We had set ‘Jane’ to take us via the shortest route which always involves a lot of narrow lanes and farm roads, and as a result, we came across a remarkable little park on the site of the origin of the Sompteuse River. A small hill slopes down to an area where the many springs have been channeled into two wash houses and an extraordinary oval pool, before rushing away in to the valley below. The area around has been cleared and someone has planted many varieties of hydrangeas in beds, with a placard listing them all. It must look amazing when they are all in flower. This was near a small village called Sompt. But we couldn’t waste too much time, so on we went to the chateau. We were very lucky to find that an English-speaking guide had started to work there just that day and we were her first tourists.
The Renaissance-style chateau is built on a small island in the Boutonne River, which may have been a good idea from a defence point of view, when it was built in 995 AD (!!) but it has been at the mercy of the river ever since then, with frequent flooding and marshy ground underfoot taking their toll. The last and almost final disaster to strike was a terrible fire in 1992 which nearly destroyed the whole place. The village folk rallied round and most of the 17th century furniture was saved, including some incredible 18th century tapestries and some priceless artwork. The chateau has been rebuilt several times in its life, but the present building dates from about 1550 AD. The ground floor is mainly reception rooms and the kitchen, with bedrooms and sitting rooms on the first floor, while the enormous attic space houses a collection of artefacts from all around the world, collected by one or another of the owners at various times. And then there are the gardens. Once beautifully laid out formal gardens, they went through a period of neglect and flooding and are only now being restored Perfectly clipped hedges form a labyrinthine maze to the rear of the chateau, while behind that is a long curved hedge with arches cut in it. Behind each arch stands a perfectly formed ball shaped shrub, and the disciplined rows of planted woodland taper off into the distance. Keeping it looking like it does must involve a huge amount of work, and expense, in a country where workers are few and labour costs plenty.

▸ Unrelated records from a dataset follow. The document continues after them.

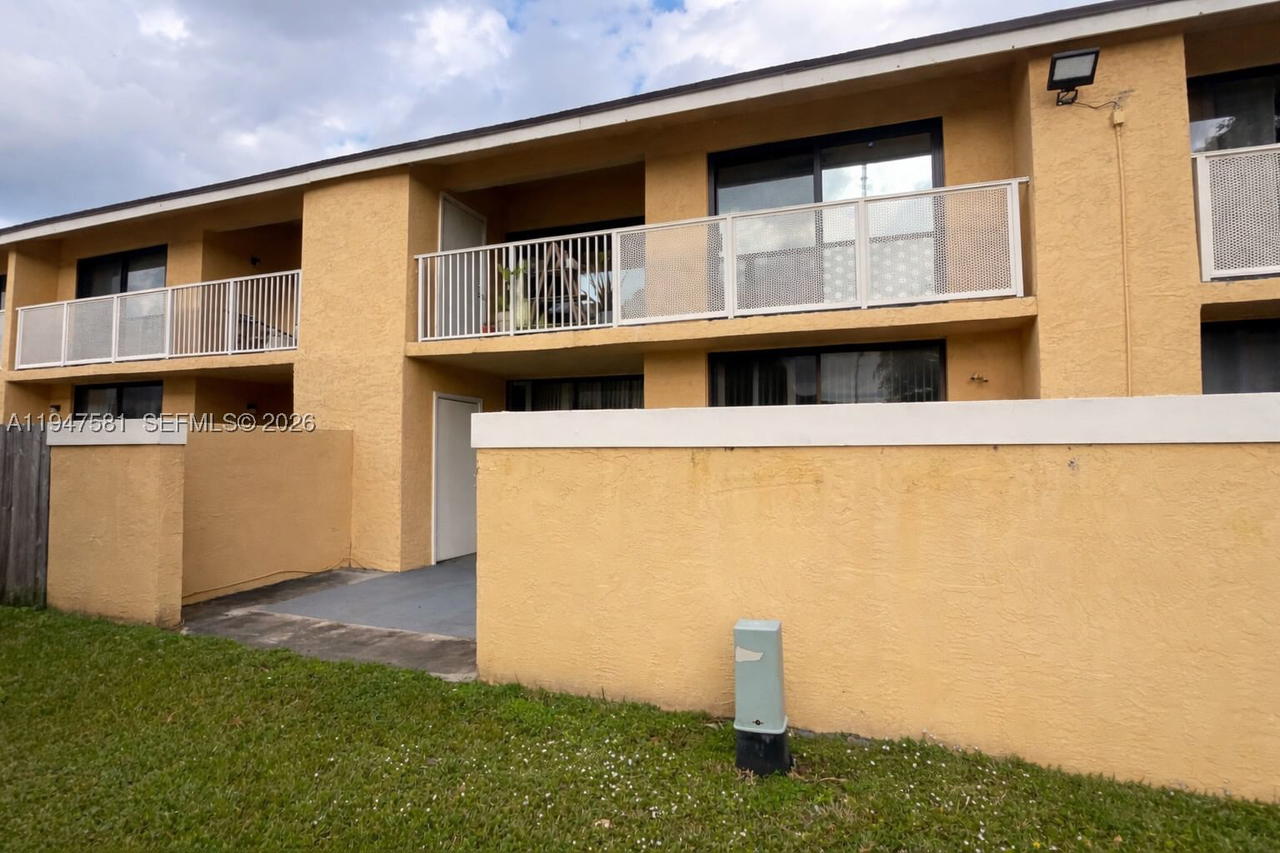 Real estate property located at 500 214th St #103, Miami-dade, Misty Lake Condo, Miami Gardens, FL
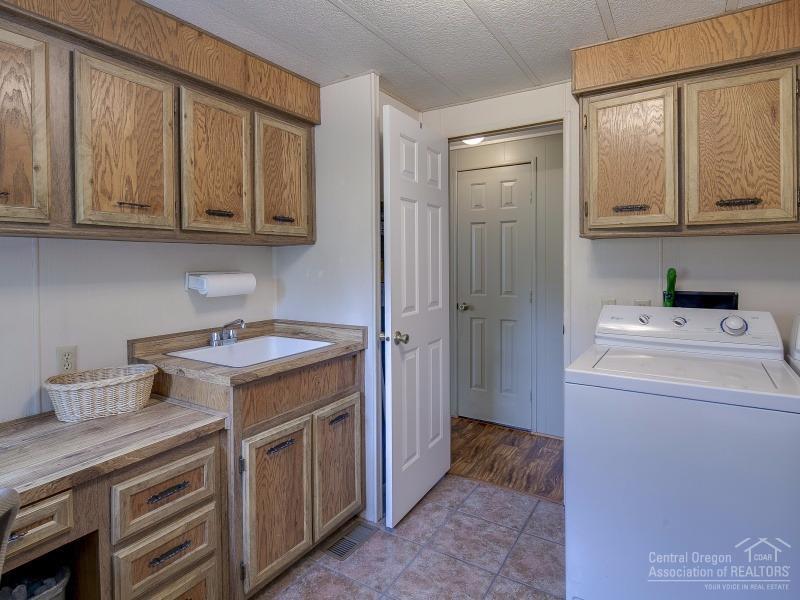 64847 Grande Loop Bend, OR 97701 - Photo 13 of 25 Additional Photo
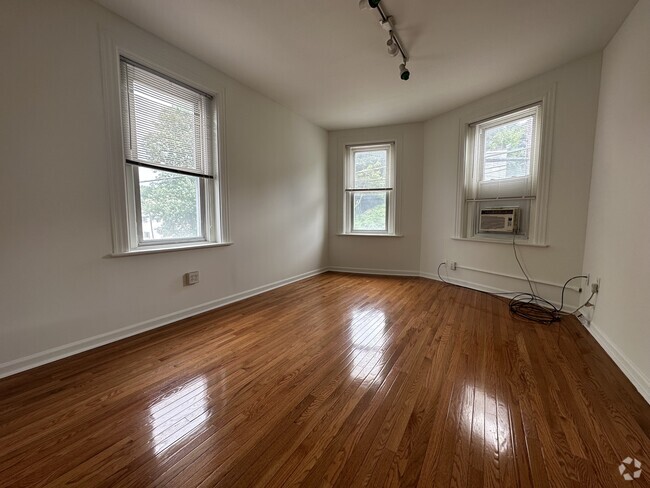 Building Photo - 3217 Brereton St Unit 3223-2 Rental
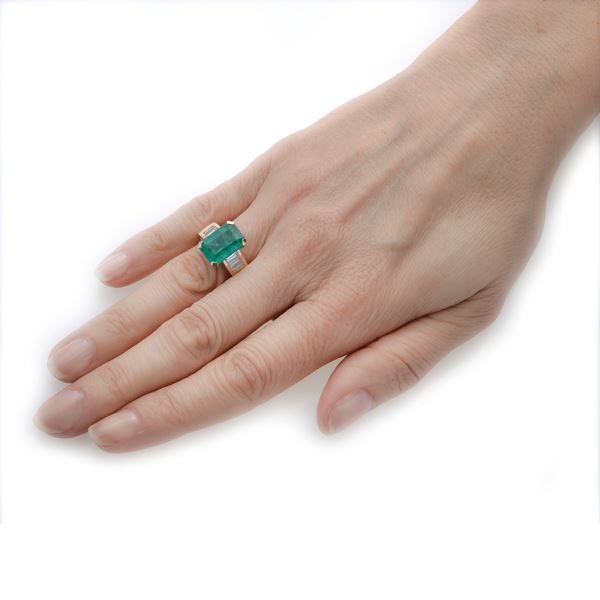 Ring in yellow gold, diamonds and emerald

The only really good day of the week was Sunday so we leapt into the car and pointed the nose east. We had been asked to go and find a motor-racing circuit known as Val de Vienne about 45 kilometres away and to report back on the facilities. We were not impressed with ‘Jane’ as she had never heard of it,  but we asked her for the nearest town and then found it ourselves – eventually. Seemingly in the middle of nowhere this track appears to be well-maintained and well-used. There was a motor-cycle meeting on the go when we arrived, so we got out to have a look. Was that ever a mistake?? The wind, from which we had been protected while in the car, was absolutely icy and although we both had on fleeces over our jerseys, it was just too cold to sit and watch the racers with any sort of enjoyment.

On the way home we stopped briefly at St Martin l’Ars when we caught sight of a splendid chateau through the trees. But once again, it proved to be a derelict building looking very sad and forgotten. One can only guess at the wealth that the original owners must have had to own and run a place of this size. Obviously the current owners are unable to do so. So sad.